Gold nanoparticles are readily conjugated to antibodies, peptides, synthetic oligonucleotides, and other proteins due to the affinity of sulfhydryl (-SH) groups for the gold surface^3-5. Gold-biomolecule conjugates have been widely incorporated into diagnostic applications, where their bright red color is used in home and point-of-care test such as the home pregnancy tests.

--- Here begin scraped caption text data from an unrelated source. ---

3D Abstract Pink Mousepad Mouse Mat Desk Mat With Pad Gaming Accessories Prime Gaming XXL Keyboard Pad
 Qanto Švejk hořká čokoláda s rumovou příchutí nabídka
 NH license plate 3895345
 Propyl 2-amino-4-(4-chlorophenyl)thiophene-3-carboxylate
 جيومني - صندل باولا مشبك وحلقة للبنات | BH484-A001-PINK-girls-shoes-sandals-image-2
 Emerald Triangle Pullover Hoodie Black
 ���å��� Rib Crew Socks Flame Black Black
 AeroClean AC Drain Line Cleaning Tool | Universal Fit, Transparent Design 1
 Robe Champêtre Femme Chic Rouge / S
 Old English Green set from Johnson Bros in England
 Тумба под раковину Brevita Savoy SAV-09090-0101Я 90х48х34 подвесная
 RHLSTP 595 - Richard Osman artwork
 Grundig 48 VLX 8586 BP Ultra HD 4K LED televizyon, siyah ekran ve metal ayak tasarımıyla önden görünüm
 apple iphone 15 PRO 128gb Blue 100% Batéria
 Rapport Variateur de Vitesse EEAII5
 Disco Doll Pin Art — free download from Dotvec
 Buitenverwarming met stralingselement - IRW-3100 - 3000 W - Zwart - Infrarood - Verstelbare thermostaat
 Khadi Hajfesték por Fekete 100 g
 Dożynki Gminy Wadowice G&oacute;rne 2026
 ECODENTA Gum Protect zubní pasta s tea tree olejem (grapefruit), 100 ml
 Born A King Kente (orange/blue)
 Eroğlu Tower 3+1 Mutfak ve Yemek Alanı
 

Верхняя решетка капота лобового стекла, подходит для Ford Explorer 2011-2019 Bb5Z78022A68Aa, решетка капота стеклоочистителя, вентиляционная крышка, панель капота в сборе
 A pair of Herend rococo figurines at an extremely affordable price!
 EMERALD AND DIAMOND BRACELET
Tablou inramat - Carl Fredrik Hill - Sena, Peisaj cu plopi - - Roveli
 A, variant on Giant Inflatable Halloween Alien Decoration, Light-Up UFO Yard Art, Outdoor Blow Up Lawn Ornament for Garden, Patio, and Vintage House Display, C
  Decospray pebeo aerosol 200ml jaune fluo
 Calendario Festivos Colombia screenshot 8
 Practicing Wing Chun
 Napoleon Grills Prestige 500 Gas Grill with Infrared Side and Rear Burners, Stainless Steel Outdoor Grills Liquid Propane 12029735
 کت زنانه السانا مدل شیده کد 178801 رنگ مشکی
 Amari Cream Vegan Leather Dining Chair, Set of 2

A recent study demonstrates application of Fortis Life Sciences gold nanoparticles in agglutination assays.⁶ NanoXact Citrate Gold Nanospheres were coated with Red Blood Cell Membranes (RBCM) to capture and crosslink with fibrinogen molecules in plasma, causing hemagglutination of the gold nanospheres that enabled detection of fibrinogen by spectrophotometry. Fibrinogen is an important biomarker with links to sepsis and cardiovascular diseases (CVD) and the technique used in this study showed a wide dynamic range of detection of fibrinogen from 0.01–10 mg/mL.

Therapeutics

Gold nanoparticles are being investigated as agents for photothermal- and microwave-based therapeutics⁷. Typically, this involves functionalizing the nanoparticle surface with an antibody or antibody fragment that specifically targets tumor cells. After reaching the tumor, the nanoparticles are illuminated with infrared or microwave radiation, both of which pass through skin and tissue, causing the nanoparticles to heat up, destroying the tumor cells.

Electron Microscopy

Gold nanoparticles labeled with antibodies that provide specific targeting are used to stain tissues and cells for subsequent imaging using a transmission electron microscope. Gold makes an excellent contrast agent for TEM imaging, as has a much larger electron density than biomolecules. Multiple sizes of gold nanoparticles, each labeled with a different antibody, can be used to carry out multiparameter experiments.

Conclusions

Nanomaterial production has many challenges, whether the final product is in powdered or colloidal form. This is particularly true when designing a material that will be used in many different applications. For this reason, Fortis Life Sciences provides a wide range of gold colloids with precisely engineered sizes, shapes, and surfaces.

References

1. Frens, G. "Controlled nucleation for the regulation of the particle size in monodisperse gold suspensions" Nature (London), Phys. Sci. 1973, 241, 20-22.
2. Turkevich, J.; Stevenson, P. C.; Hillier, J. "A study of the nucleation and growth processes in the synthesis of colloidal gold" Discuss. Faraday. Soc. 1951, 11, 55-75.
3. Mirkin, C.; Letsinger, R. L.; Mucic, R. C.; Storhoff, J. J. "A DNA-based method for rationally assembling nanoparticles into macroscopic materials" Nature 1996, 382, 607-609.
4. Wang, Z.; Levy, R.; Fernig, D.G.; Brust, M. "The Peptide Route to Multifunctional Gold Nanoparticles" Bioconjugate Chemistry 2005, 16, 497-500.
5. Johne, B.; Hansen, K.; Mork, E.; Holtlund, J. "Colloidal gold conjugated monoclonal antibodies, studied in the BIAcore biosensor and in the Nycocard immunoassay format" Journal of Immunological Methods 1995, 1, 167-174.
6. Kim, I.; Lee, D.; Lee, S. W.; Lee, J. H.; Lee, G.; Yoon, D. S. "Coagulation-Inspired Direct Fibrinogen Assay Using Plasmonic Nanoparticles Functionalized with Red Blood Cell Membranes" ACS Nano 2021, Just Accepted.
7. Huang, X.; Jain, P. K.; El-Sayed, I. H.; El-Sayed, M. A. "Plasmonic photothermal therapy (PPTT) using gold nanoparticles" Lasers in Medical Science 2008, 23, 217-228.